Required action |
From the line containing "Ethan Bramble has" down to the final line of the entries below, quote every line verbatim. Exclude pictures.

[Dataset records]
%%
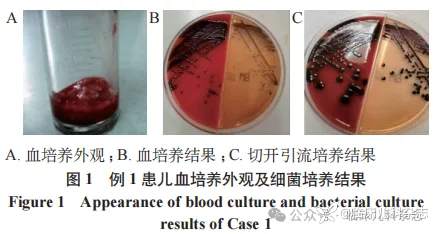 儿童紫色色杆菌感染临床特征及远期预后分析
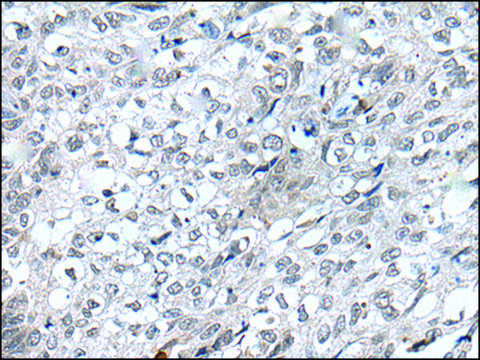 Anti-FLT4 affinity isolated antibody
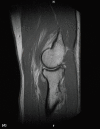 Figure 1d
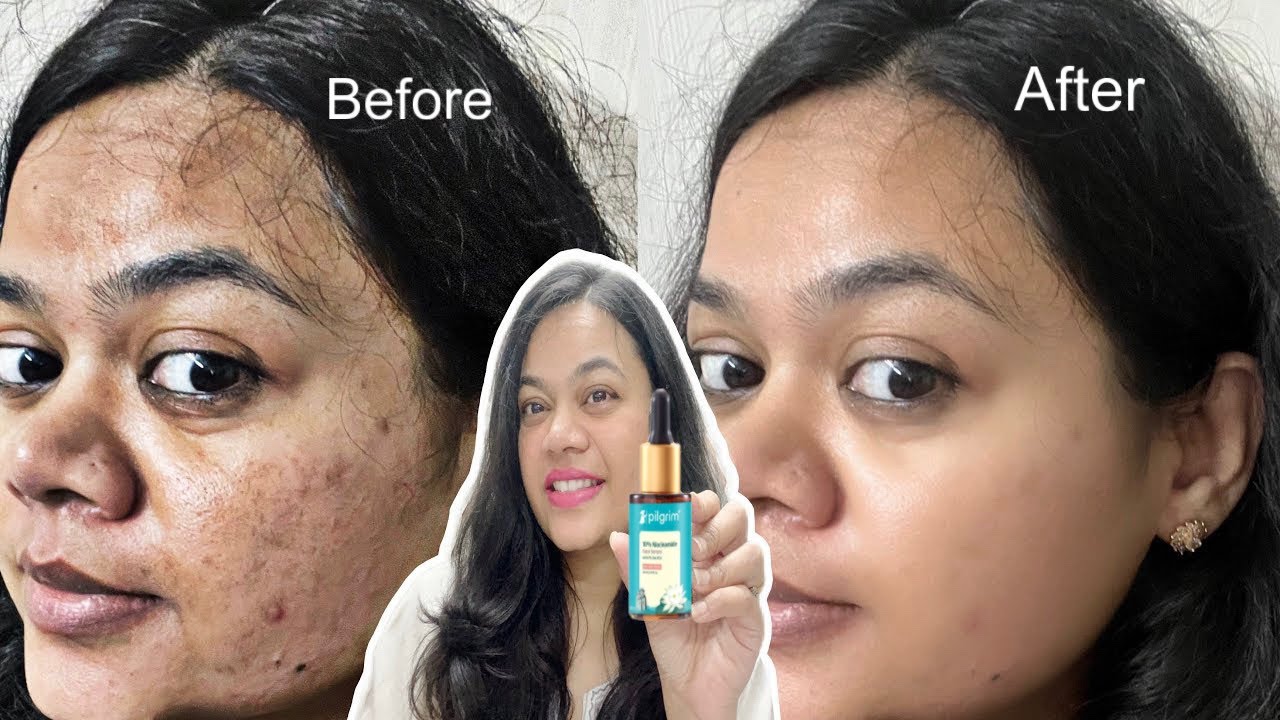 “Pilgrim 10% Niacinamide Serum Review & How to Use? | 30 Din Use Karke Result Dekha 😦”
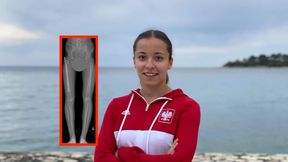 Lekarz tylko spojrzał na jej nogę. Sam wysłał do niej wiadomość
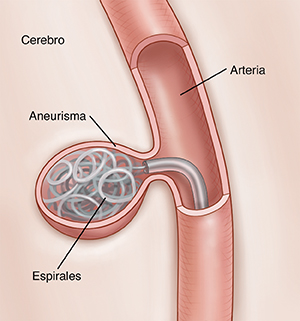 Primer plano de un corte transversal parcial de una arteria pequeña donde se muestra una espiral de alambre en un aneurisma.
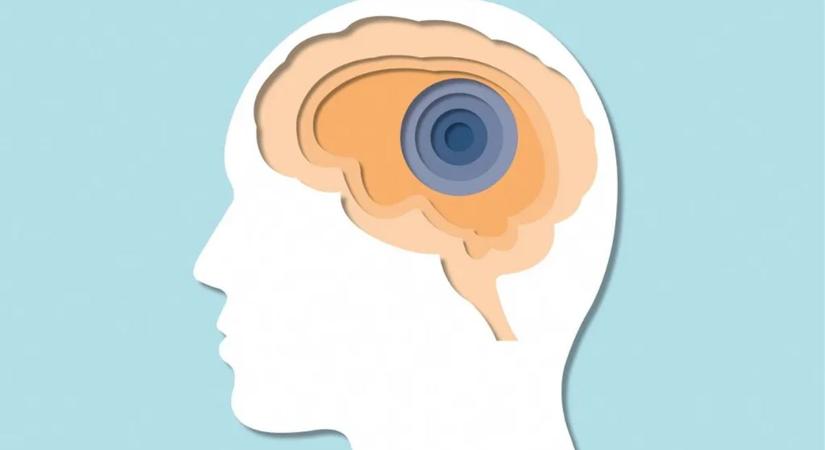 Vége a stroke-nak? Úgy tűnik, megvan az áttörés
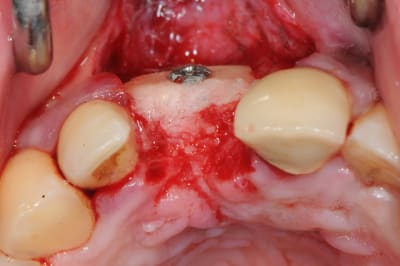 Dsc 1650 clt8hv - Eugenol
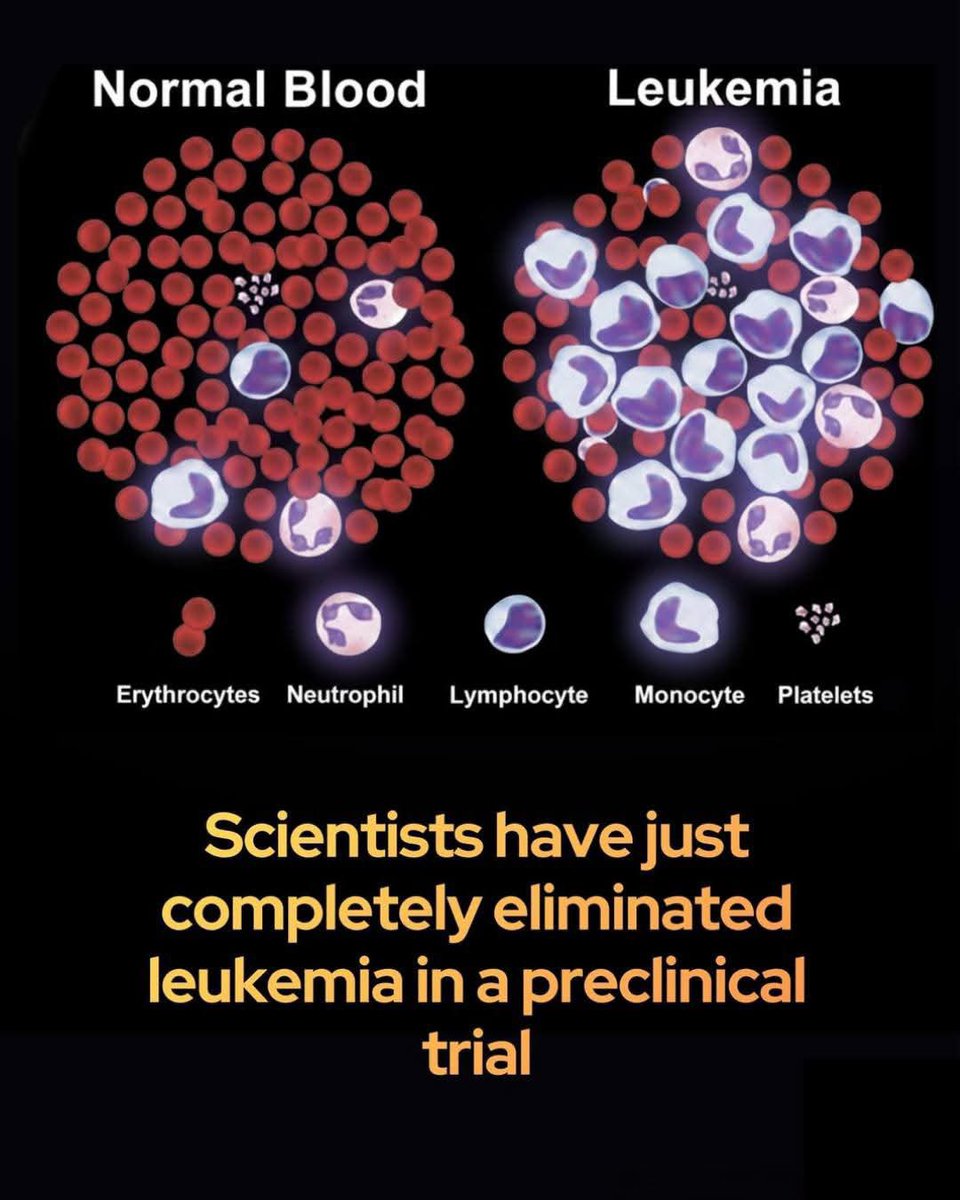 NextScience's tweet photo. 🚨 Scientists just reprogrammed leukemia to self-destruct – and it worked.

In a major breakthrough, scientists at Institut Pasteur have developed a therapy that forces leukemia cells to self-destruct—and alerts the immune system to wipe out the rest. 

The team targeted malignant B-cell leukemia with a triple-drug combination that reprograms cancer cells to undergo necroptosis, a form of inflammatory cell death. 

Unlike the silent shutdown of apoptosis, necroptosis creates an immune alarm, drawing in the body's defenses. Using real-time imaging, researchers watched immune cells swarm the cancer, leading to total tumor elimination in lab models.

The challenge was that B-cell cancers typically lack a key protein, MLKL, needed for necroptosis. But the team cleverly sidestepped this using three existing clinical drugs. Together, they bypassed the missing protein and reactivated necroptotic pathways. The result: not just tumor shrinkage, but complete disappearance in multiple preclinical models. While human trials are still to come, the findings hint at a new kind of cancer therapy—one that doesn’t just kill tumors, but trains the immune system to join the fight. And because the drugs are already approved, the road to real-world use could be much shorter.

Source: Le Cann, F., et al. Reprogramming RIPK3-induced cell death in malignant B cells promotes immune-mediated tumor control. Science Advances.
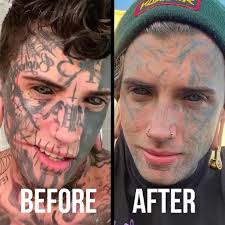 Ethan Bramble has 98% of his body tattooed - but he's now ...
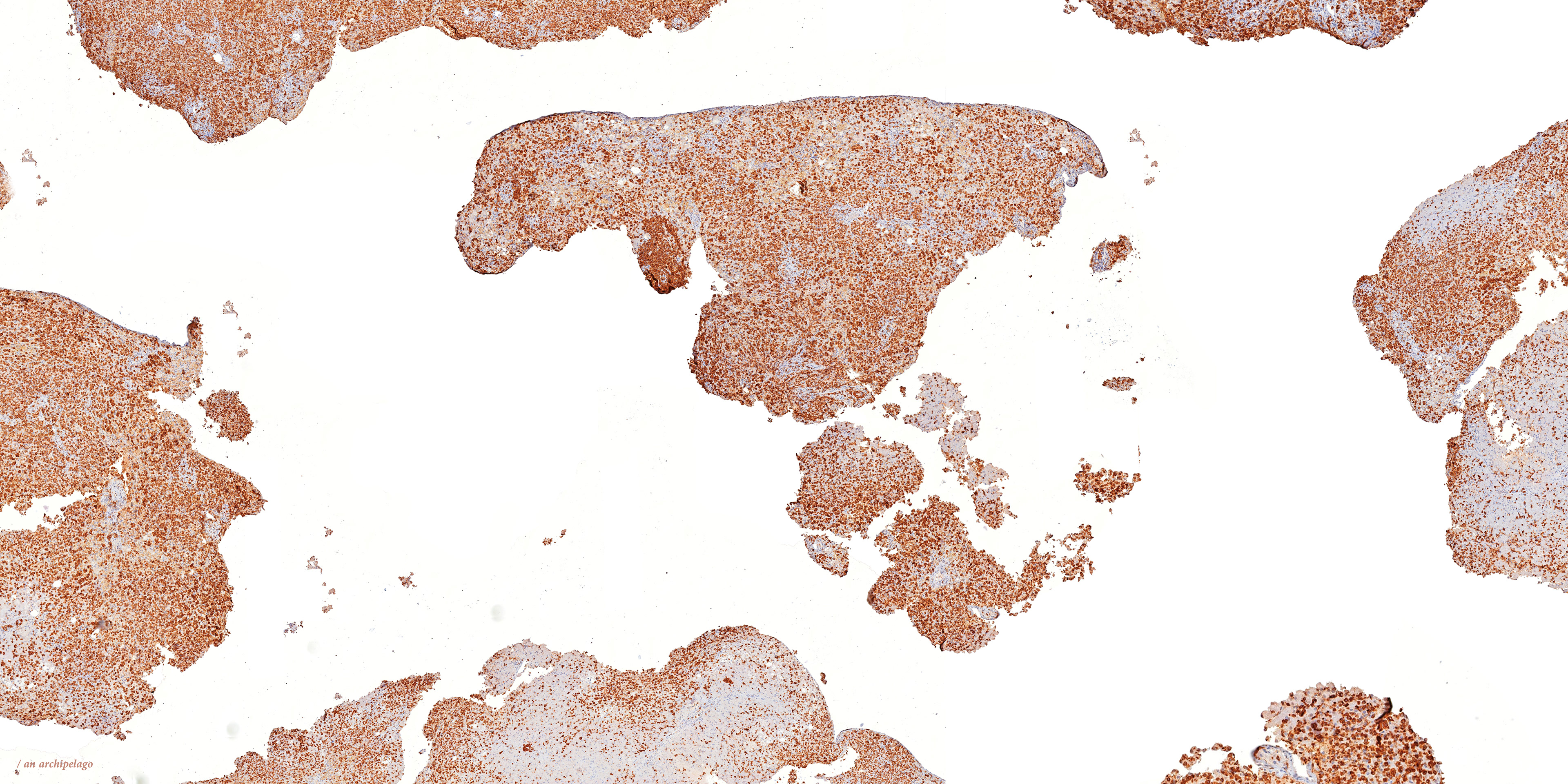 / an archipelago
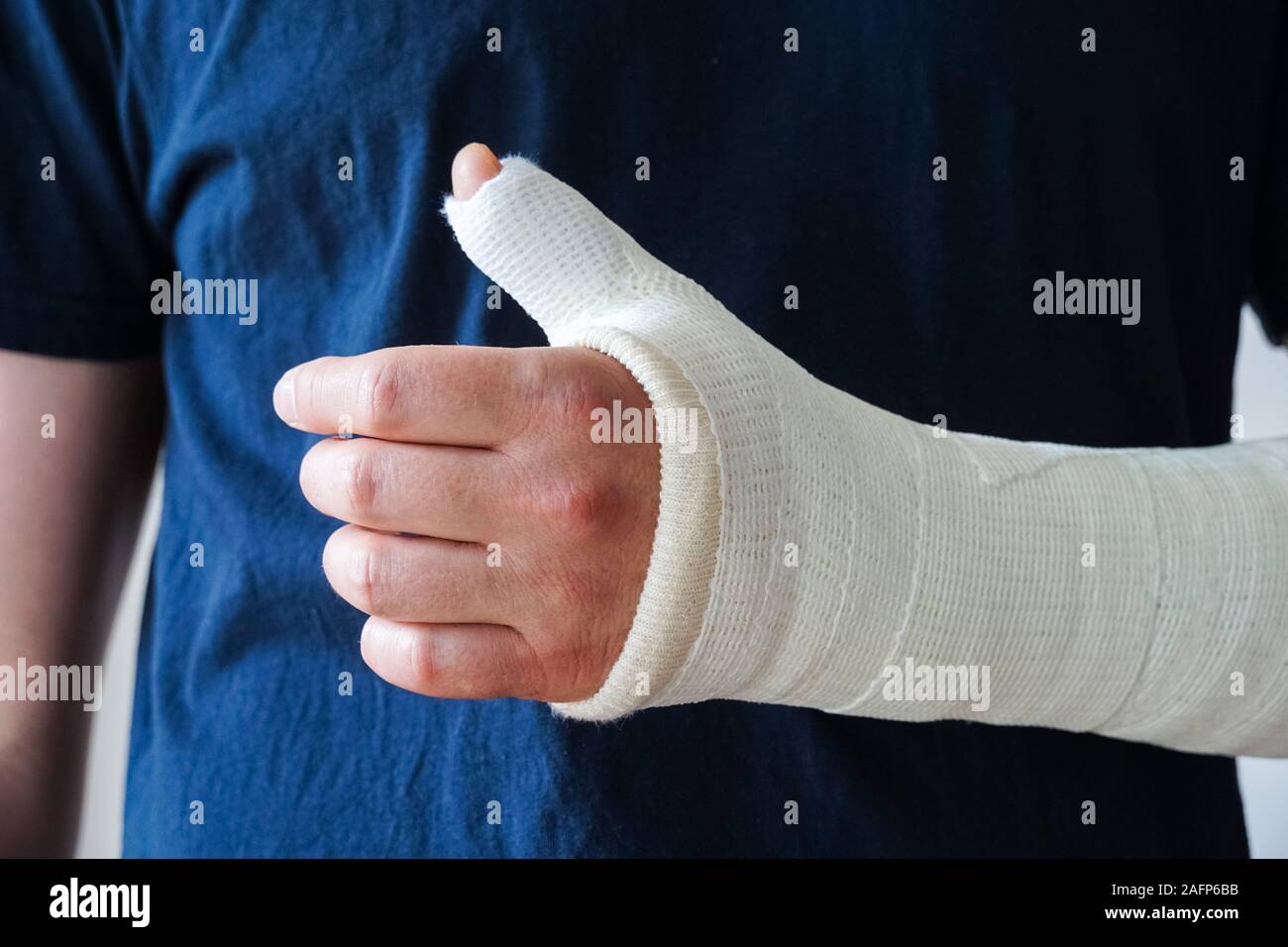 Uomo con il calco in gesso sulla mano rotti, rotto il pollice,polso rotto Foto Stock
%%
Written response |
 Ethan Bramble has 98% of his body tattooed - but he's now ...
 / an archipelago
 Uomo con il calco in gesso sulla mano rotti, rotto il pollice,polso rotto Foto Stock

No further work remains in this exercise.